For the listing below, print exactly the lines from the line with "Welcome to my course" to the line with "Lastly click download", both included, and nothing beyond them.

Task material ::
============================================================
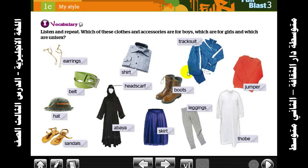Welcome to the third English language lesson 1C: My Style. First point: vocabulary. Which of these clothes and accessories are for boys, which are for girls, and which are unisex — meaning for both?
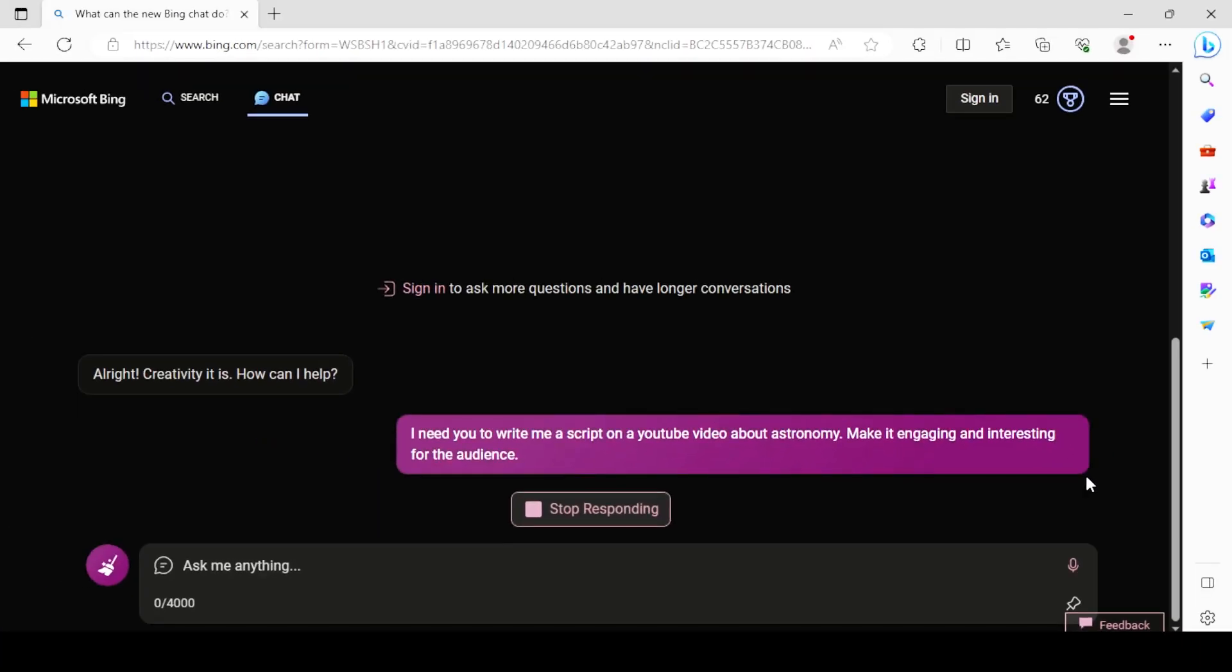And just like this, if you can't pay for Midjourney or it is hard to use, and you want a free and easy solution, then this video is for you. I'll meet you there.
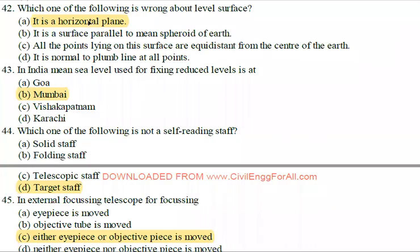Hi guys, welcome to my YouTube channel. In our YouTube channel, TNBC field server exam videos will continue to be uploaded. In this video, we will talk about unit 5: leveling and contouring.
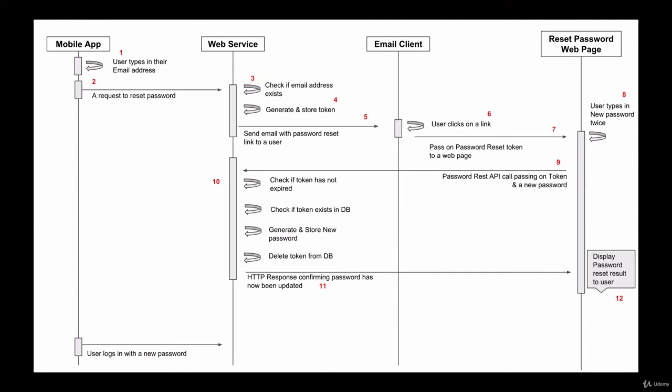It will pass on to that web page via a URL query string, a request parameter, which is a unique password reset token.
============================================================
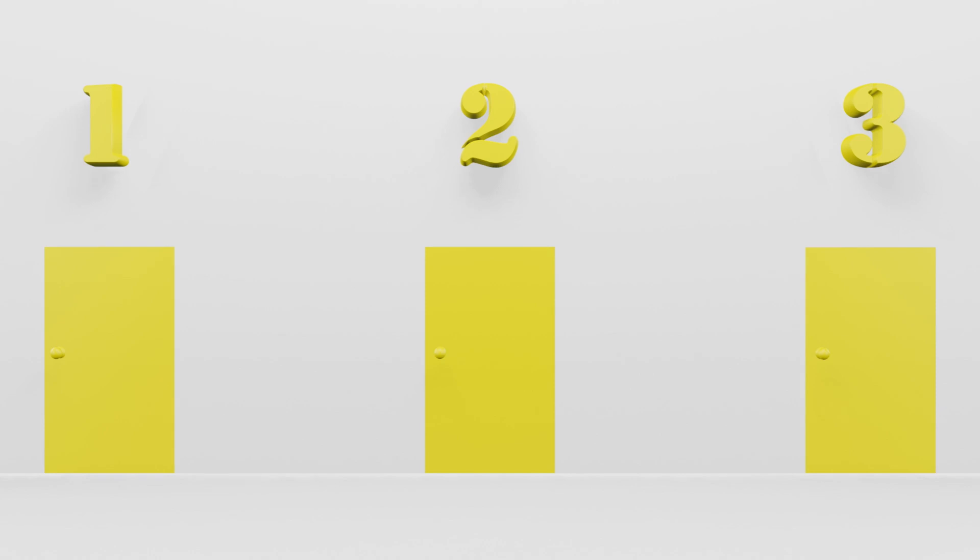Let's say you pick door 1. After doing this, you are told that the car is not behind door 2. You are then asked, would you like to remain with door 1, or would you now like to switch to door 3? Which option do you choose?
============================================================
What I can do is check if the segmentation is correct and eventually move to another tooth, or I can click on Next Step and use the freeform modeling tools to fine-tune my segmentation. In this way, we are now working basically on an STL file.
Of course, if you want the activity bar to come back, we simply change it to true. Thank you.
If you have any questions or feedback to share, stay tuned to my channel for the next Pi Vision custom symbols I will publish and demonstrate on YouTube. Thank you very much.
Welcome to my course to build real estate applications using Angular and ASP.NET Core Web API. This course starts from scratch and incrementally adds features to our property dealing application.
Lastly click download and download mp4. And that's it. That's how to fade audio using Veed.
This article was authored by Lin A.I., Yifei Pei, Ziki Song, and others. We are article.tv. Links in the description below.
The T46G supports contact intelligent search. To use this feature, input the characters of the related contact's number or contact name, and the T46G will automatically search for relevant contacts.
============================================================
Exercise solution ::
Welcome to my course to build real estate applications using Angular and ASP.NET Core Web API. This course starts from scratch and incrementally adds features to our property dealing application.
Lastly click download and download mp4. And that's it. That's how to fade audio using Veed.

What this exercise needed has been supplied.